PROBLEM REQUIREMENTS: Copying rule for the data below: take the line containing "PSOEmalaga's tweet image." and every line after it to the end, exactly, and drop all pictures.

[Captioned web image data]
*-*-*
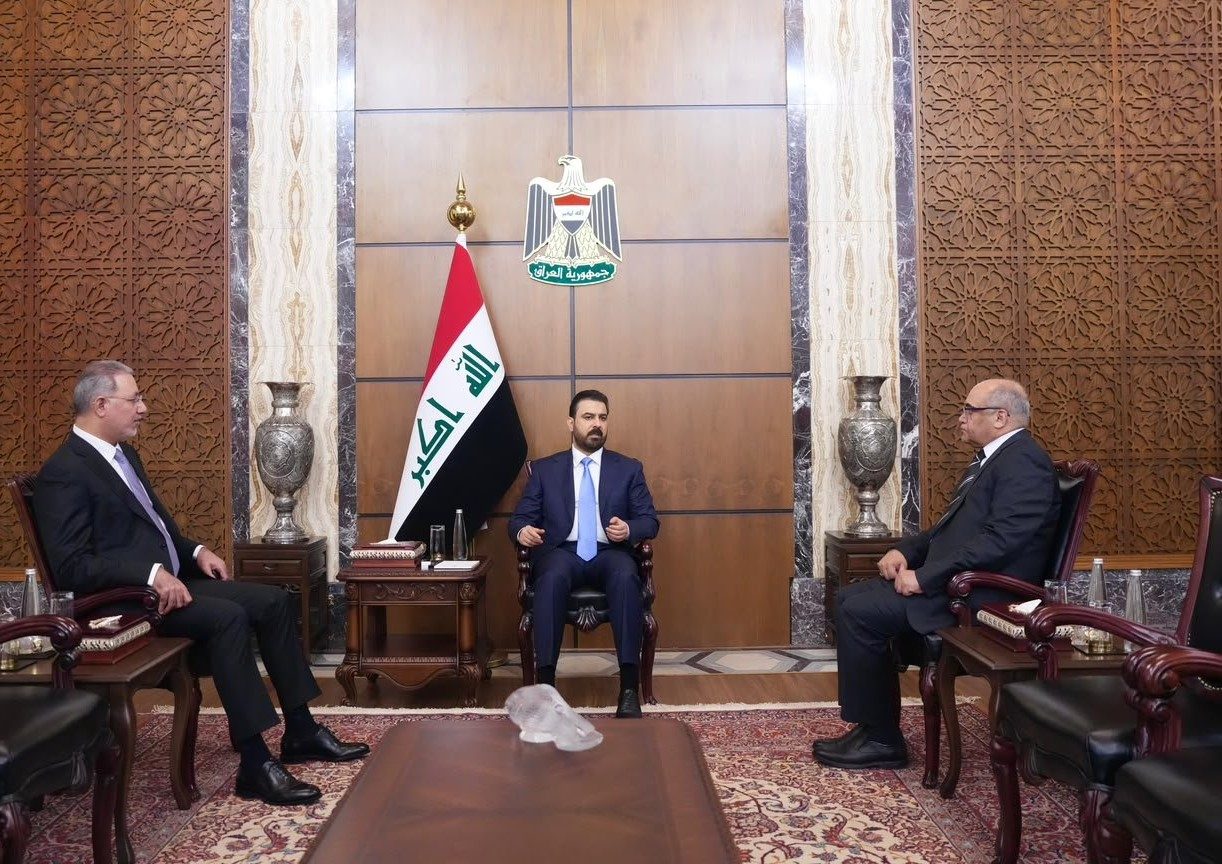 رئيس الوزراء يرعى مراسيم الاستلام والتسليم في جهاز الأمن الوطني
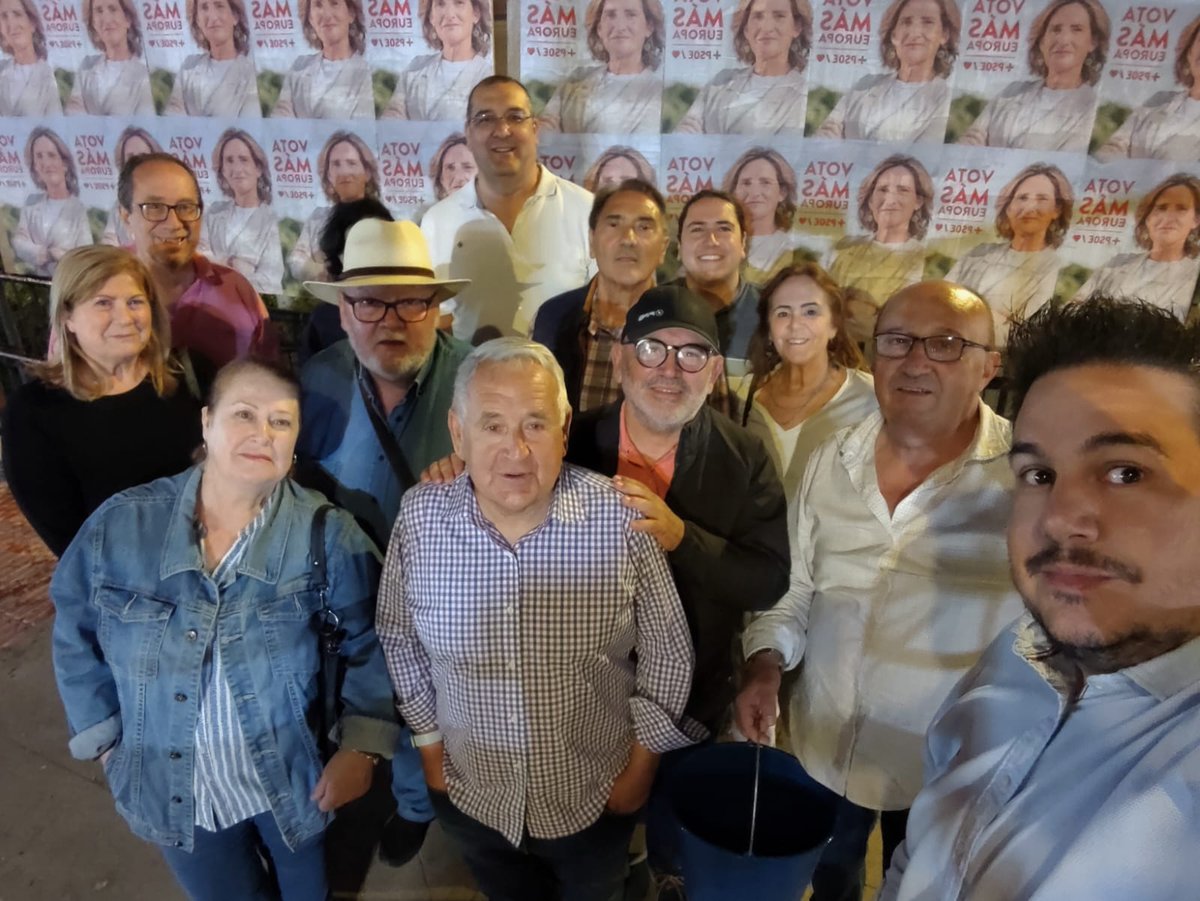PSOEmalaga's tweet image. ✊🌹 Y seguimos por #FuentedePiedra, #Estepona, #Fuengirola y #SanPedroAlcántara con la tradicional pegada de carteles. #VOTAPSOE #9J #MásPSOE #MásEuropa #MásAndalucía
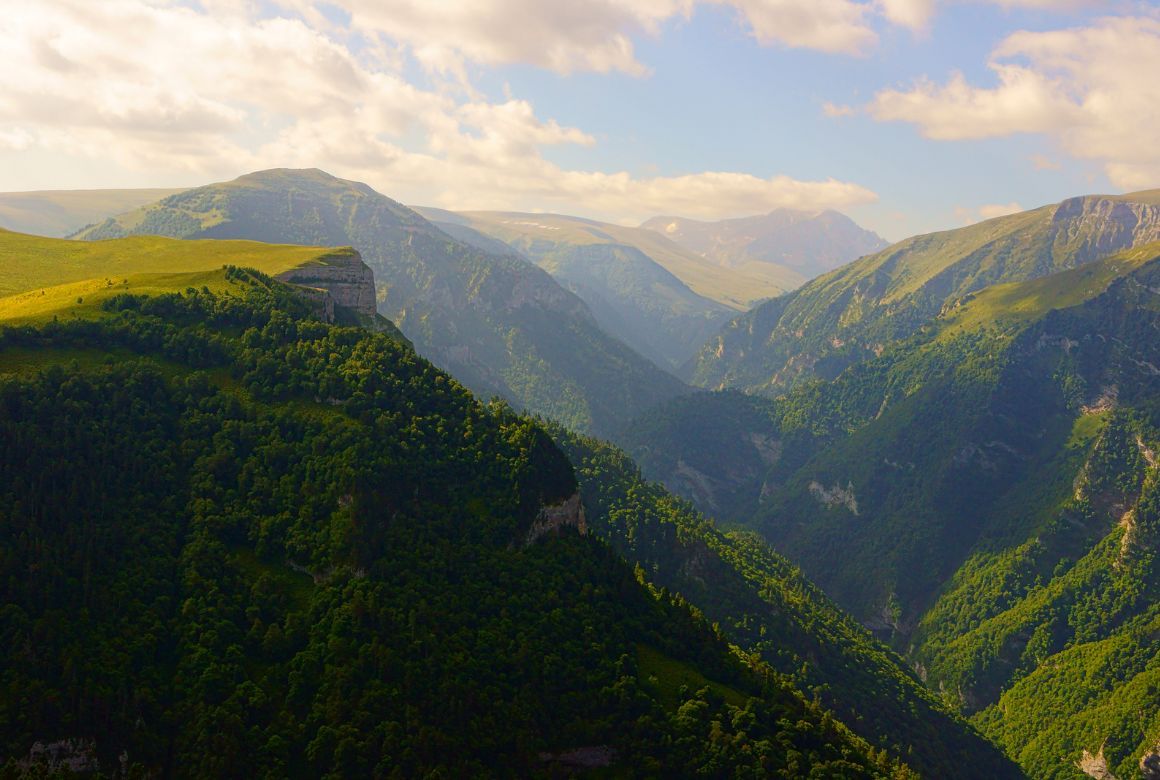 Плато Лаго-Наки: кажется, сейчас выпрыгнет Аватар (bodu9 / Canva)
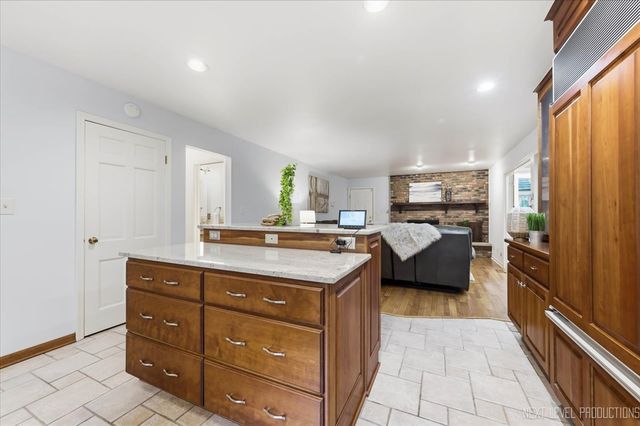 2N962 Grand Monde Drive, Elburn, IL 60119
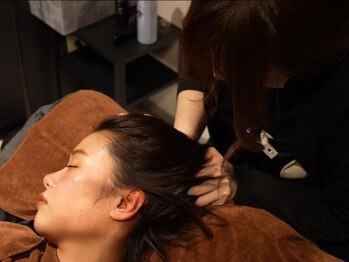 ヘッドミント 池袋店の写真/【ドライヘッドスパ専門店】人気のヘッドスパで首・肩の辛さを改善◎疲れを和らげ至福のひと時を。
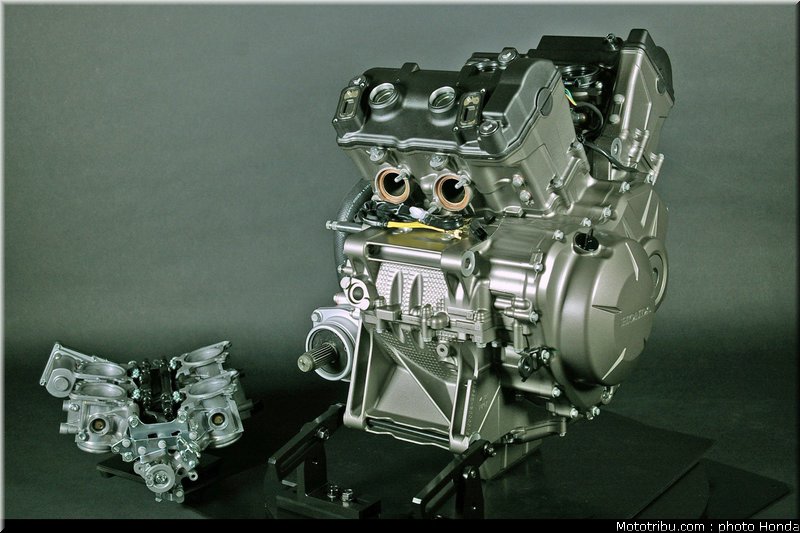 honda_vfr_1200f_2010_moteur_024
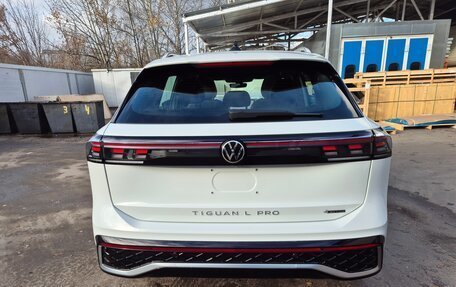 Volkswagen Tiguan, 2024 год, 5 565 000 рублей, 6 фотография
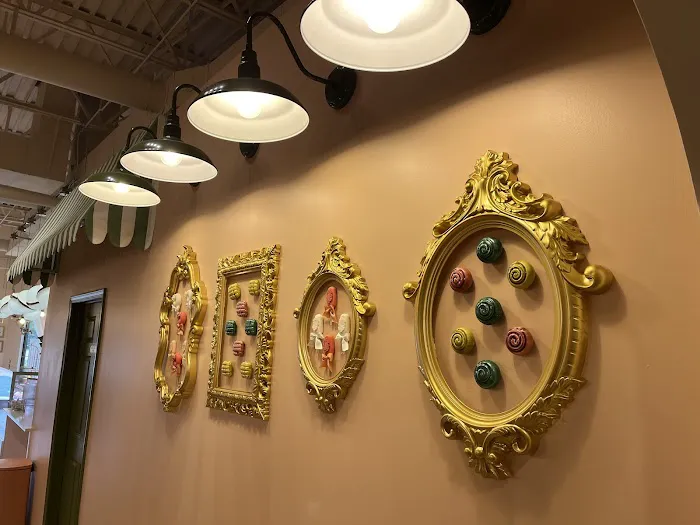 Honey Birds Bakery Picture 7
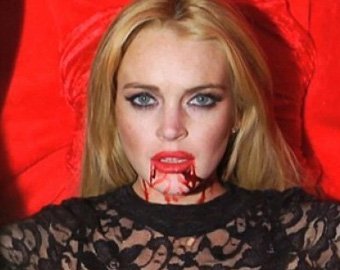 Линдси Лохан снялась в вампирской сессии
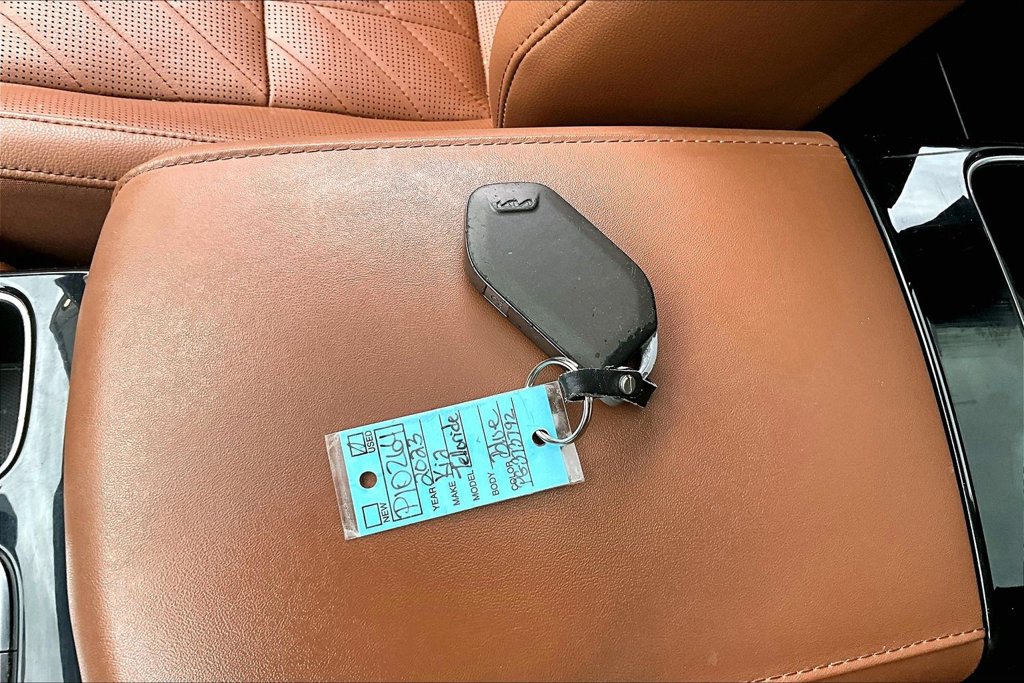 Used 2023 Kia Telluride SX X-Pro AWD/4WD image 35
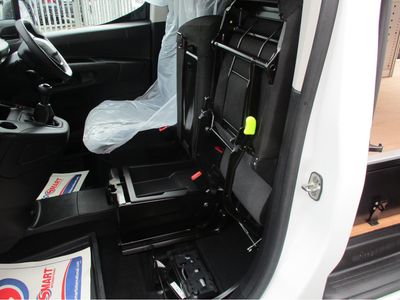 2021 Peugeot Partner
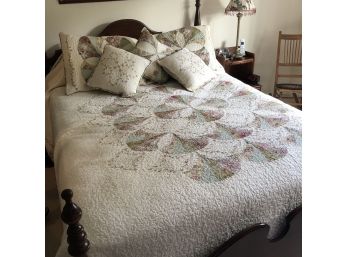 Queen Size Quilted Bedspread With Matching Shams And Pillows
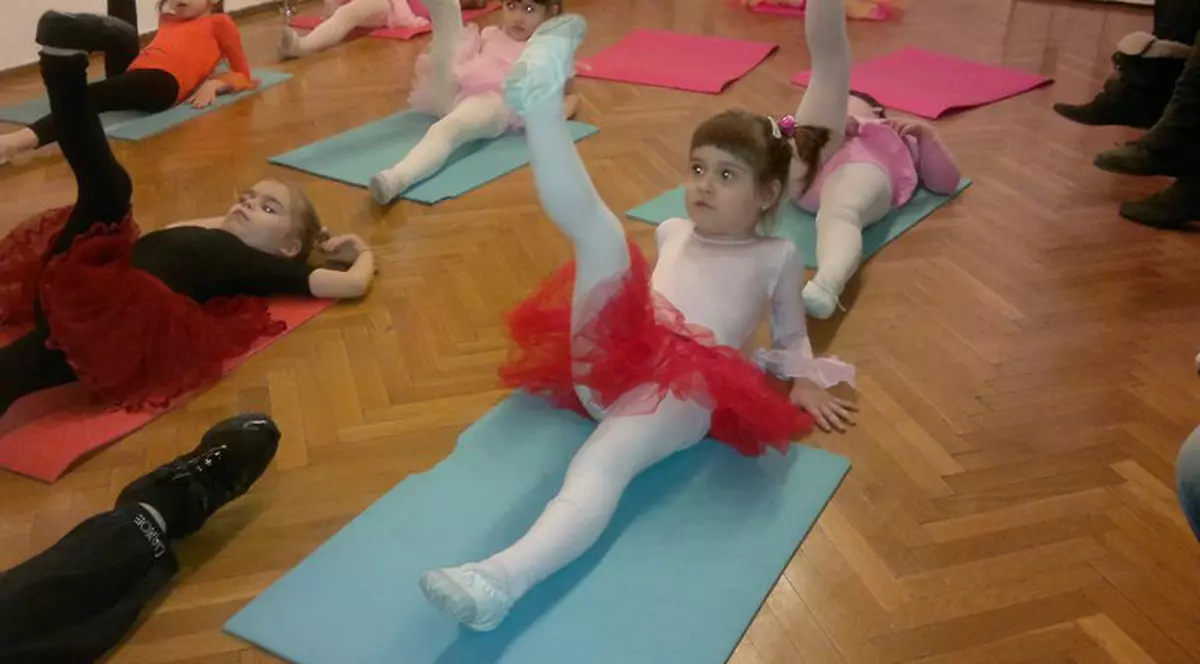 PĂRINŢI DISPERAŢI! Ce vedete şi-au dus fetiţa la balet, ca să nu mai fie băieţoasă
*-*-*
TASK RESULT:
PSOEmalaga's tweet image. ✊🌹 Y seguimos por #FuentedePiedra, #Estepona, #Fuengirola y #SanPedroAlcántara con la tradicional pegada de carteles. #VOTAPSOE #9J #MásPSOE #MásEuropa #MásAndalucía
 Плато Лаго-Наки: кажется, сейчас выпрыгнет Аватар (bodu9 / Canva)
 2N962 Grand Monde Drive, Elburn, IL 60119
 ヘッドミント 池袋店の写真/【ドライヘッドスパ専門店】人気のヘッドスパで首・肩の辛さを改善◎疲れを和らげ至福のひと時を。
 honda_vfr_1200f_2010_moteur_024
 Volkswagen Tiguan, 2024 год, 5 565 000 рублей, 6 фотография
 Honey Birds Bakery Picture 7
 Линдси Лохан снялась в вампирской сессии
 Used 2023 Kia Telluride SX X-Pro AWD/4WD image 35
 2021 Peugeot Partner
 Queen Size Quilted Bedspread With Matching Shams And Pillows
 PĂRINŢI DISPERAŢI! Ce vedete şi-au dus fetiţa la balet, ca să nu mai fie băieţoasă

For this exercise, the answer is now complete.